OZIERI | 15 febbraio 2026. L’Istituto Comprensivo di Ozieri, seguendo le direttive dell’Ufficio Scolastico e in collaborazione con la Polizia di Stato, ha organizzato le Giornate della Legalità, un ciclo di incontri rivolto agli alunni con l’obiettivo di promuovere la cultura della legalità, il rispetto delle regole e la convivenza civile. Le attività hanno coinvolto la scuola primaria di Tula e le scuole secondarie di primo grado dei plessi di Mores, Chilivani e Tula.
In cattedra, al posto dei consueti docenti, gli studenti hanno trovato gli operatori della Polizia di Stato del Commissariato di Ozieri, che hanno dialogato con loro su temi fondamentali per la crescita civile e personale. Durante gli incontri si è parlato di legalità e rispetto delle regole in ogni ambito della vita quotidiana – a scuola, in famiglia e nella società –, ma anche di sicurezza, di come comportarsi in situazioni di pericolo e dell’importanza di utilizzare correttamente il 112 NUE – Numero Unico di Emergenza Europeo. Ampio spazio è stato dedicato inoltre ai molteplici aspetti dell’attività di Polizia, all’uso consapevole di internet e dei social network, alla sicurezza stradale, alla cittadinanza attiva e al contrasto di ogni forma di illegalità, comprese le mafie, nonché all’abuso di alcol e droghe.

Numerose le domande e le curiosità espresse dai discenti, che hanno partecipato con entusiasmo, chiedendo consigli utili per la vita quotidiana e mostrando grande interesse verso il lavoro svolto dagli agenti.
Particolarmente apprezzato è stato il momento conclusivo delle giornate, quando, nei cortili dei vari plessi scolastici, i ragazzi hanno potuto osservare da vicino l’autovettura della Squadra Volante, le auto civetta e i mezzi utilizzati per i servizi operativi. Grande attenzione ha suscitato anche l’intervento di un operatore della Polizia Scientifica, Alessandro Fais, che ha mostrato agli studenti come avviene l’individuazione delle impronte digitali, rendendo l’esperienza ancora più concreta e coinvolgente.

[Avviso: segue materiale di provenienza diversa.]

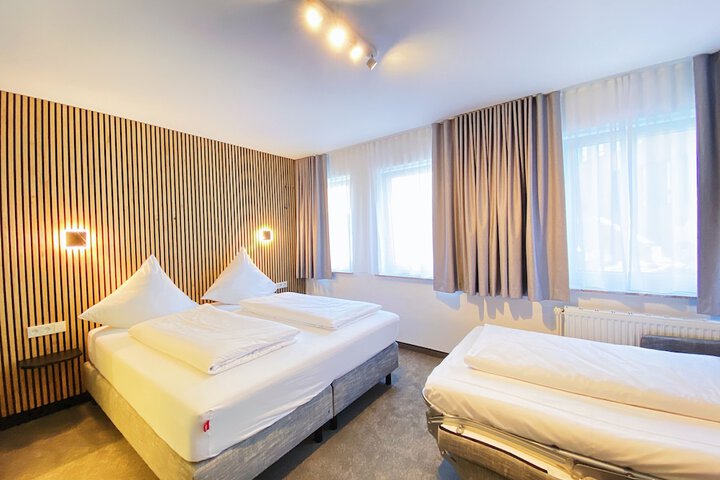 Room 10 of 32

Gli incontri hanno avuto anche una forte valenza storica e civile, con il ricordo delle vittime della mafia e dell’impegno di figure simbolo come Giovanni Falcone, Paolo Borsellino, Emanuela Loi, Peppino Impastato e di tutte le donne e gli uomini che hanno sacrificato la propria vita per la giustizia e la legalità.
«La scuola ha il compito di formare non solo studenti preparati, ma soprattutto cittadini consapevoli e responsabili», ha affermato il dirigente scolastico del Comprensivo di Ozieri, Paolo Carta, sottolineando come «iniziative come queste rafforzano il legame tra istituzioni e territorio e aiutano i nostri alunni a comprendere che il rispetto delle regole è alla base della libertà e della convivenza civile».
«Entrare nelle scuole significa costruire un rapporto di fiducia con i più giovani», ha detto l’Ispettore Alessio Muntoni, che ha tenuto gli incontri. «Vogliamo che i ragazzi vedano nella Polizia di Stato non solo una divisa, ma persone, amici e alleati che lavorano ogni giorno per la sicurezza di tutti».
«Il nostro obiettivo è accompagnare gli studenti in un percorso di crescita che li renda protagonisti attivi e responsabili della società», ha concluso la docente referente per la Legalità, Maria Antonietta Canu, evidenziando che «la collaborazione con la Polizia di Stato rende questi messaggi ancora più efficaci e concreti».
Il significato di queste giornate è molteplice: avvicinare la Polizia al mondo della scuola, consolidando un rapporto di fiducia, e diffondere la cultura della legalità fin dalla giovane età, contribuendo alla formazione di cittadini consapevoli, rispettosi delle regole e attenti al bene comune.